そんで、そこに前輪がくるたびに、前輪がわずかに左右にふられる。
「うっわー……これ、CBRやら250ニンジャだったら絶対来たくないわ」
慣れてる人ならそれでもイケるだろうけど、俺はちょっと。
実のところ、この単車を買う時にはフルカウルの400なんかも選択肢に入れたんだけど、結局買わなかった理由がこれだ。
積極的に林道ツーリングする趣味はないが、目的地手前にちょっと不整地があるからって、しんどい思いはしたくない。
その点、今の単車はガレ場や本物の砂利道には向かないが、多少の不整地なら低重心と直進安定性のおかげで何とかなる。
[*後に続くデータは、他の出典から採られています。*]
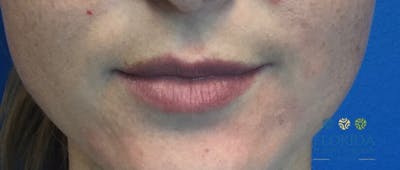 Injectables and Dermal Fillers Before & After Gallery - Patient 154952101 - Image 1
しかも「いつでも両足ベタつき」のうえに膝まで曲がるほどの余裕の低シート。
で、世に名高いビッグバイク様たちのようにクソ重くもない。
まぁパワーもないけど、正直、不整地でテールスライド起こすような馬力なんぞいらん。ちょっと足りない、それくらいでいいんだ。
そう。
俺は俺なりの合理性で、このホンダ製の250ccを選んでいるわけなんだが……って?
「お」
きたか、隧道。
カーブの向こうに、まるで森に埋もれるような幻想的な隧道がたたずんでいた。
「……これはまた、すごいな」
たどり着いた隧道は、ネットの写真で見る通りの幻想的な姿だった。
森の中の小道にある、古くて素朴な穴。
途中で穴があいて空が見えていたり、全くもって幻想的な姿なんだけど。
「オー印もちキター!」
「なになに250?しょっぱいねえ」
「え、でもオフ車じゃないよ?それはそれですごくね?」
「えーそう?」
「……おい」
なんだこりゃ。
そりゃあ、俺はファンタジーよろしい森の隧道を見物にきたよ。
でもさ。
そっちまでファンタジー方面にぶち抜けたつもりはねえっての。
隧道の入り口には、羽根の生えたちみっこい妖精みたいなのが、三匹ほど遊んでいたのだった。